Details
Originalsprache | Englisch |
---|---|
Seiten (von - bis) | 253-264 |
Seitenumfang | 12 |
Fachzeitschrift | Agriculture, Ecosystems and Environment |
Jahrgang | 235 |
Publikationsstatus | Veröffentlicht - 1 Nov. 2016 |
Abstract
The Kulunda steppe is part of the greatest conversion areas of the world where 420,000 km2 grassland have been converted into cropland between 1954 and 1963. However, little is known about the recent and future impacts of land-use change (LUC) on soil organic carbon (OC) dynamics in Siberian steppe soils under various climatic conditions.
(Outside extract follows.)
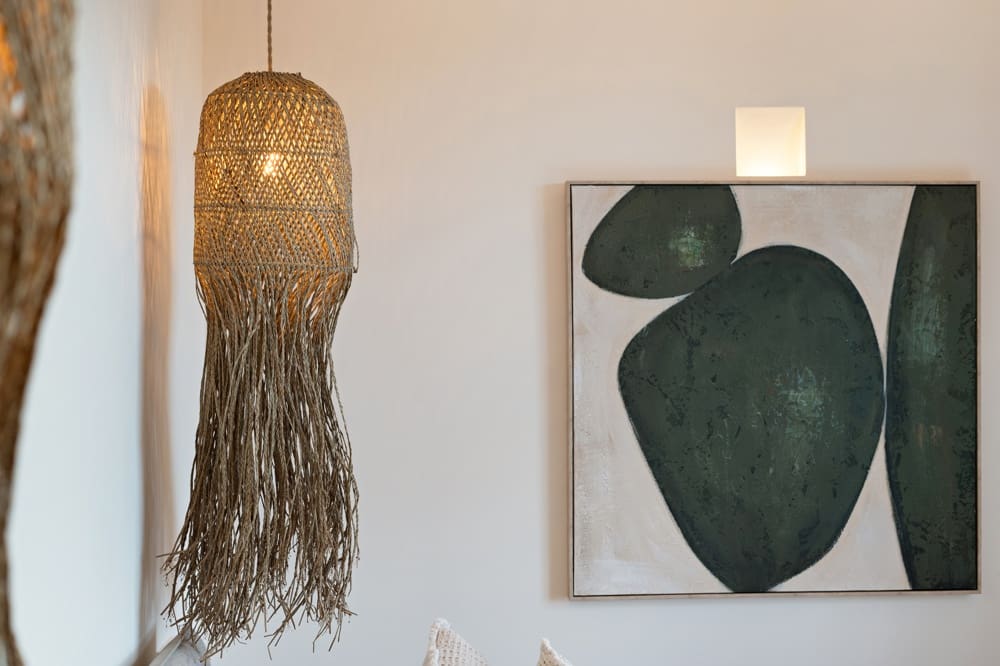 4 bedroom Villa for sale in Santanyi - € 3,900,000 (Ref: 9675097)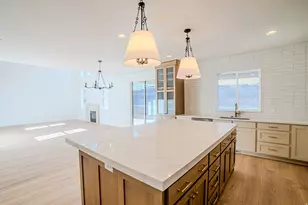 7177 W Moorepark Pl S, West Jordan, UT 84081 - Photo 13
By investigating grassland vs. cropland soils along a climatic gradient from forest to typical to dry steppe types of the Kulunda steppe, our study aimed to (i) quantify the change of OC stocks (0–60 cm) after LUC from grassland to cropland as function of climate, (ii) elucidate the concurrent effects on aggregate stability and different functional soil organic matter (OM) fractions (particulate vs. mineral-bound OM), and (iii) assess climate- and LUC-induced changes in the microbial community composition and the contribution of fungi to aggregate stability based on phospholipid fatty acid (PLFA) profiles. Soil OC stocks decreased from the forest steppe (grassland: 218 ± 17 Mg ha−1) over the typical steppe (153 ± 10 Mg ha−1) to the dry steppe (134 ± 11 Mg ha−1). Across all climatic regimes, LUC caused similar OC losses of 31% (95% confidence interval: 17–43%) in 0–25 cm depth and a concurrent decline in aggregate stability, which was not related to the amount of fungal PLFA. Density fractionation revealed that the largest part of soil OM (>90% of total OC) was associated with minerals and <10% of C existed in particulate OM. While LUC induced smaller relative losses of mineral-associated OC than particulate OC, the absolute decline in total OC stocks was largely due to losses of OM bound to minerals. This result together with the high 14C ages of mineral-bound OM in croplands (500–2900 yrs B.P.) suggests that mineral-bound OM comprises, in addition to stable OC, also management-susceptible labile OC. The steppe type had a larger impact on microbial communities than LUC, with a larger relative abundance of gram-positive bacteria and less fungi under dry conditions. Our results imply that future drier climate conditions in the Siberian steppes will (i) result in smaller OC stocks on a biome scale but (ii) not alter the effect of LUC on soil OC, and (iii) change the microbial community composition more than the conversion from grassland to cropland.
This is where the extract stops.